╭─ Exercise input
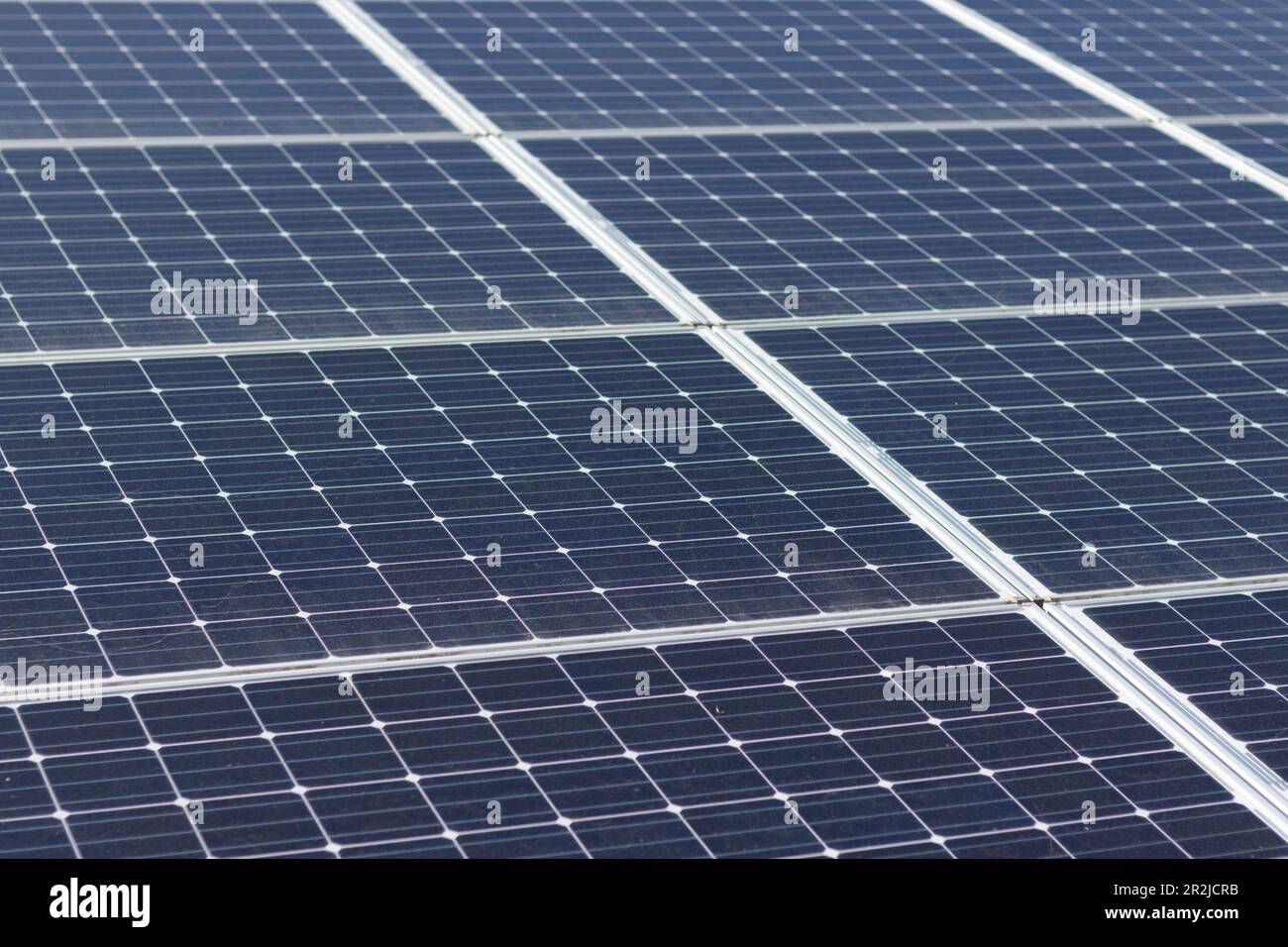 Vollformat-Nahaufnahme von Solarmodulen Stockfoto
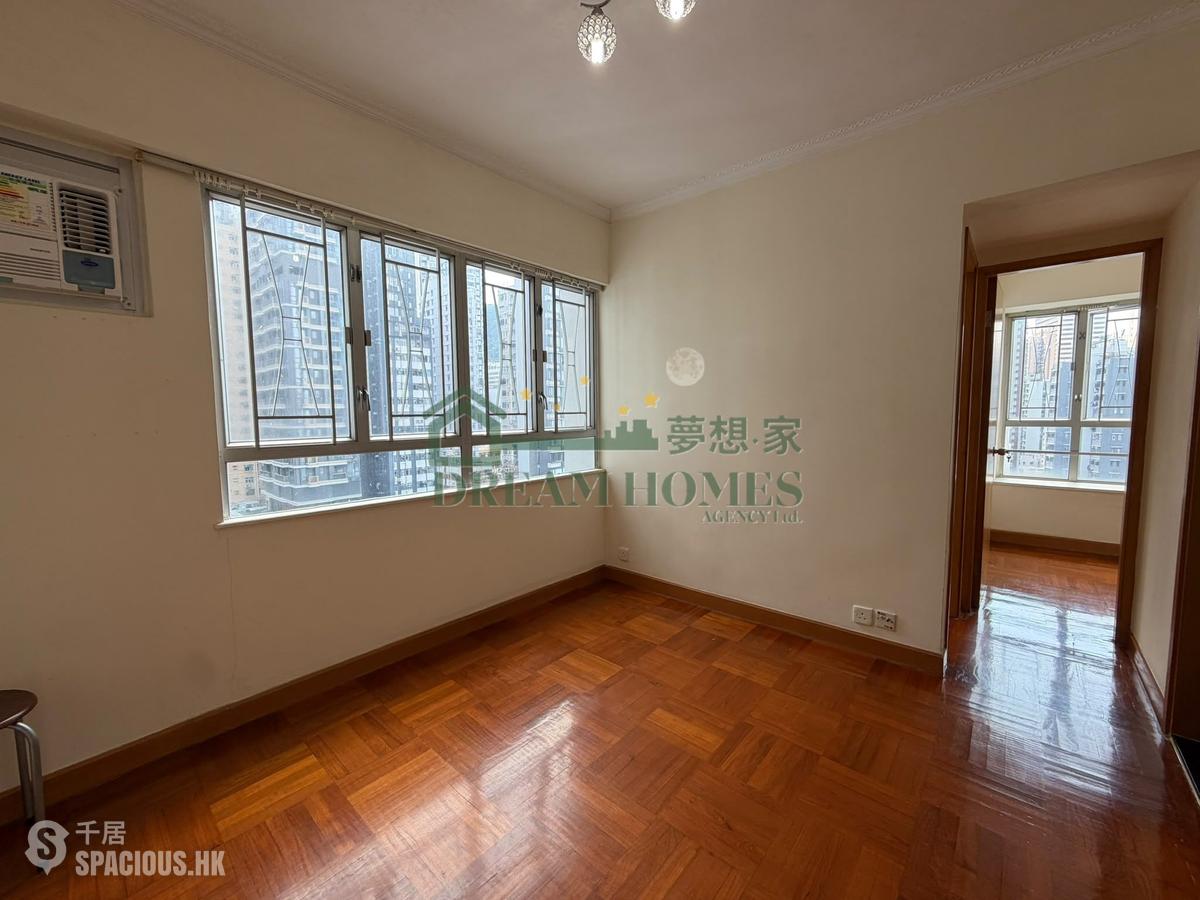 Sai Ying Pun - Shun Tai Building 01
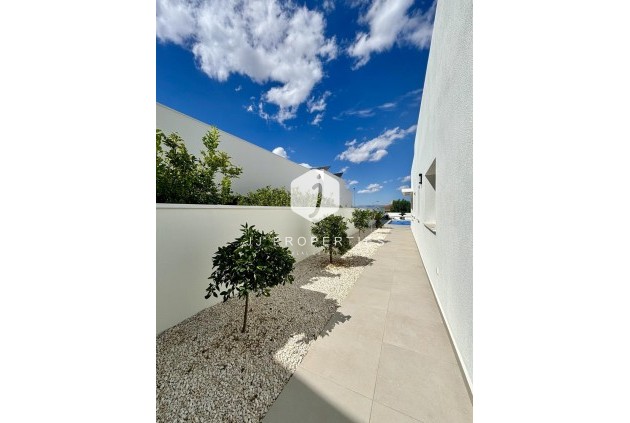 Nieuwbouw Woningen - Villa -
Benijofar - Pueblo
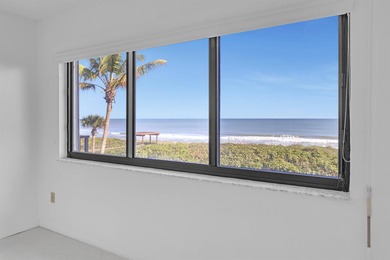 A direct Oceanfront charming 3rd floor Condo awaiting a new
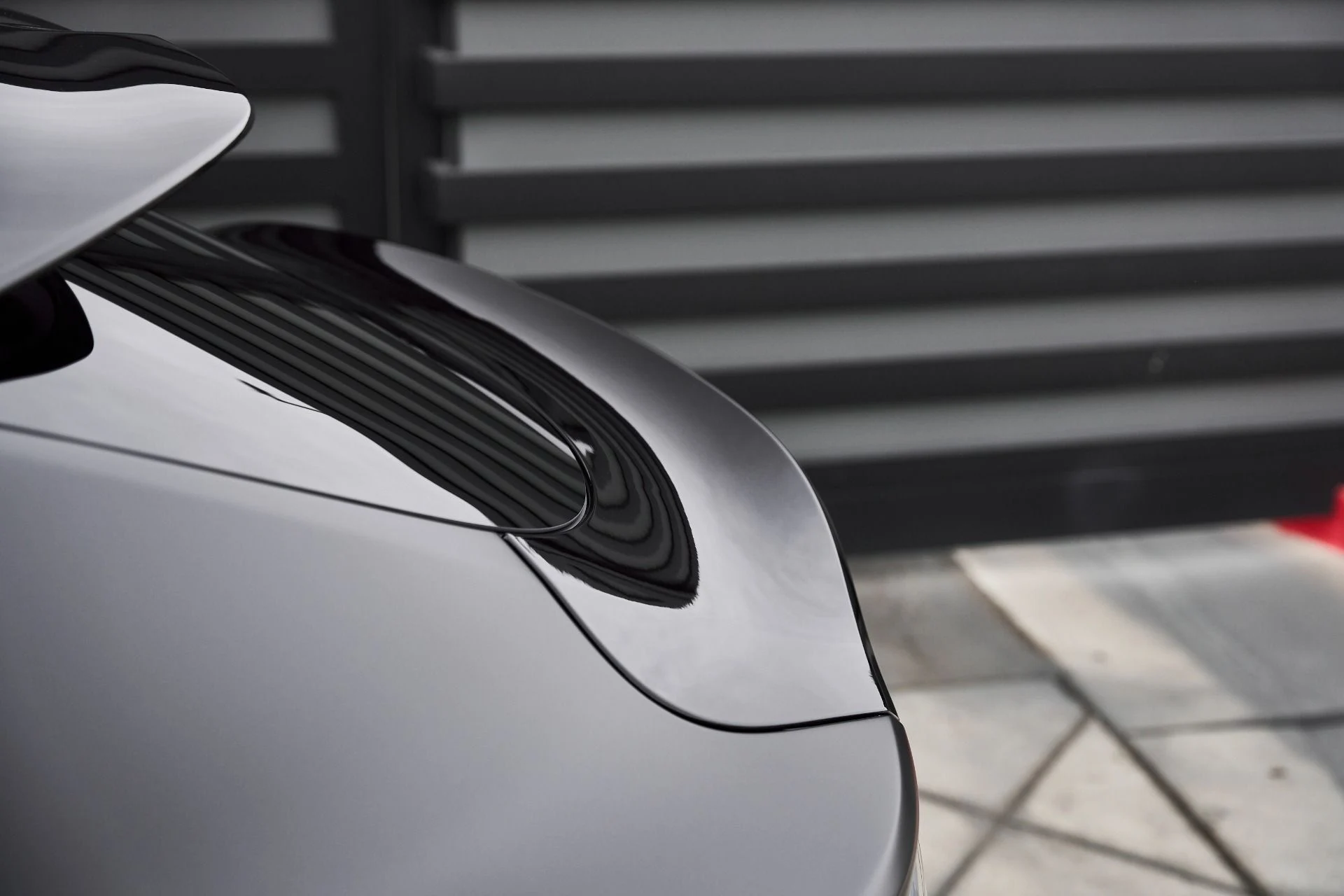 mph011_3451635282_Used_2025_Aston_Martin_DBX_707_1766785286_f62f14f406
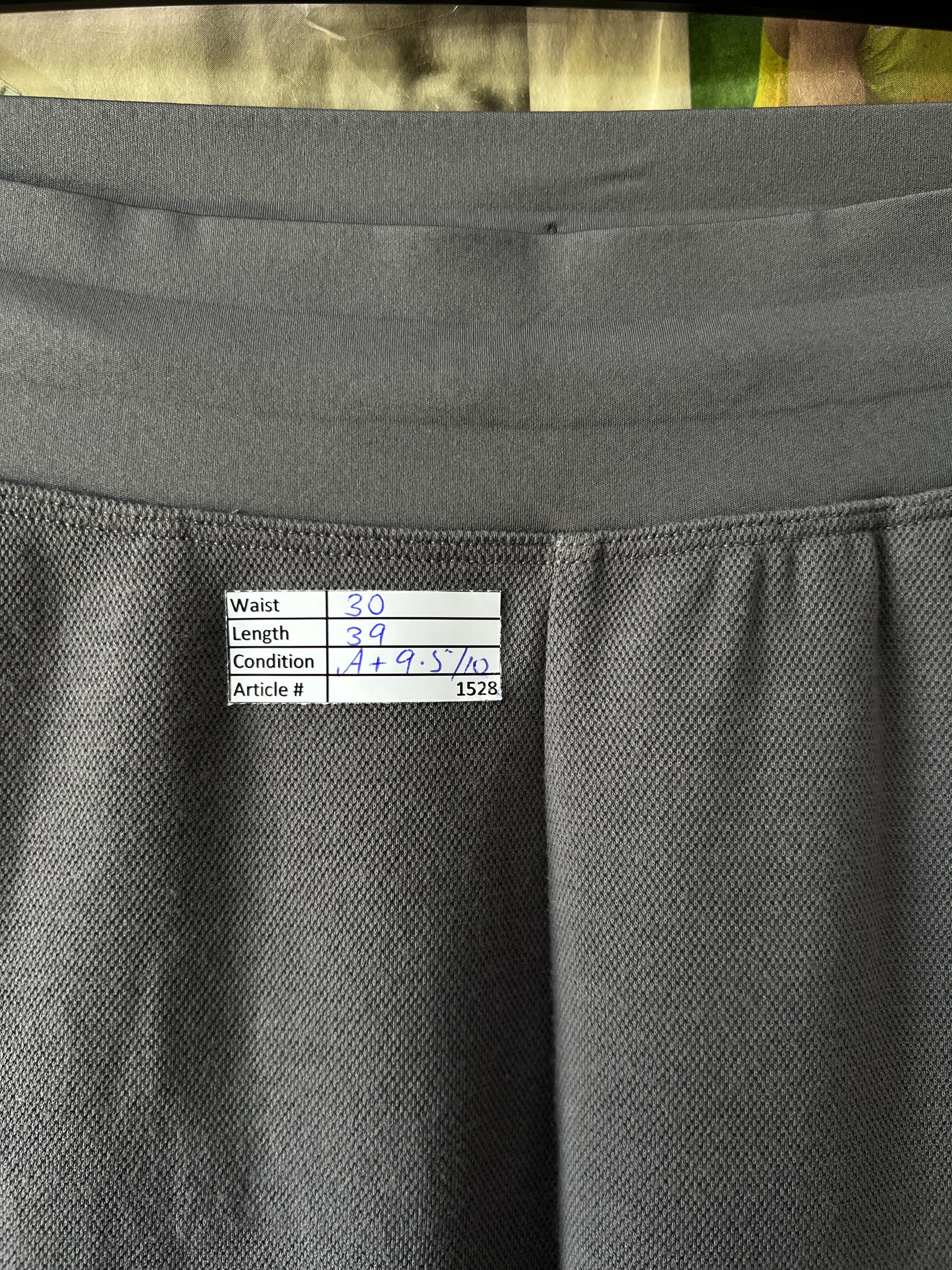 Gym Shark® Waist: 30" | Grey | Trouser | 1528 - Genuine Maal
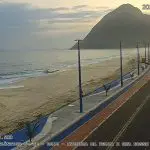 As imagens, divulgadas pela Prefeitura de Maricá, mostram o avião perdendo altitude e dirigindo-se à praia | Foto: Divulgação/Prefeitura de Maricá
╰─
Task requirements —
Write out, word for word, only the lines from the one containing "- Genuine Maal" to the end of the data above; the pictures stay out.

The answer —
 Gym Shark® Waist: 30" | Grey | Trouser | 1528 - Genuine Maal
 As imagens, divulgadas pela Prefeitura de Maricá, mostram o avião perdendo altitude e dirigindo-se à praia | Foto: Divulgação/Prefeitura de Maricá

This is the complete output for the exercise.